▶ What you need to do
Return, exactly and in full, the lines of the records below starting at the one with "Mardin\'de içinde 25" and ending at the one with "Into my sweet", and no other lines.

(Short web captions)
BEGIN

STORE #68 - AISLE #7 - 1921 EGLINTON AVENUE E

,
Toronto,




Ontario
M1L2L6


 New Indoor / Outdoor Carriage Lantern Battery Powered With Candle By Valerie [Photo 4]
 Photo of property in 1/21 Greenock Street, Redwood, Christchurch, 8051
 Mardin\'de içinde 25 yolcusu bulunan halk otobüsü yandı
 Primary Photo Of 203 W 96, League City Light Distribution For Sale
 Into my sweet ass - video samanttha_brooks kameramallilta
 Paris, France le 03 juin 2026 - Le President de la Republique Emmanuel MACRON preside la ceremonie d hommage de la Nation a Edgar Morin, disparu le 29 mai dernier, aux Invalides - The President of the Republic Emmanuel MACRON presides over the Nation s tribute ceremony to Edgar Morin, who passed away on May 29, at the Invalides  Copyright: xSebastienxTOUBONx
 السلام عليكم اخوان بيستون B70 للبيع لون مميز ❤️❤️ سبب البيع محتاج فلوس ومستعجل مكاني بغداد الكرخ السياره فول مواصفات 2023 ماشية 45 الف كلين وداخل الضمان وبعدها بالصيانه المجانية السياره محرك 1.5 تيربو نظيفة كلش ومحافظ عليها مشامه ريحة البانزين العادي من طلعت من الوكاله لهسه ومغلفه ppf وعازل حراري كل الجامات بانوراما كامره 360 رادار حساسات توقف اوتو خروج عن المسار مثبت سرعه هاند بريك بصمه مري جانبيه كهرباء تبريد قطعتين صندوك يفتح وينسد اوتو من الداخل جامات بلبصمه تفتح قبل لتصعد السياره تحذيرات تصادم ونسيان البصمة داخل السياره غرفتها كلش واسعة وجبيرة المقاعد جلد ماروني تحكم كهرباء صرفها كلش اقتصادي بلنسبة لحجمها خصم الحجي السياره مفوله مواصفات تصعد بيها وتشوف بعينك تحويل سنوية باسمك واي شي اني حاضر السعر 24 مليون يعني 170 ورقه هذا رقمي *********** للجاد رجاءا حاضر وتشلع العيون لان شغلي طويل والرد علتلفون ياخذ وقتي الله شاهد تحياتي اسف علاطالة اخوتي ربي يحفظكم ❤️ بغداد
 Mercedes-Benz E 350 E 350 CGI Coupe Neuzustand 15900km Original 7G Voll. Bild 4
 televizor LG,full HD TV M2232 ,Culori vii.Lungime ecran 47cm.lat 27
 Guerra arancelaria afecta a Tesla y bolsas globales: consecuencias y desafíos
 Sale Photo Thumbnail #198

END

▶ Response box
 Mardin\'de içinde 25 yolcusu bulunan halk otobüsü yandı
 Primary Photo Of 203 W 96, League City Light Distribution For Sale
 Into my sweet ass - video samanttha_brooks kameramallilta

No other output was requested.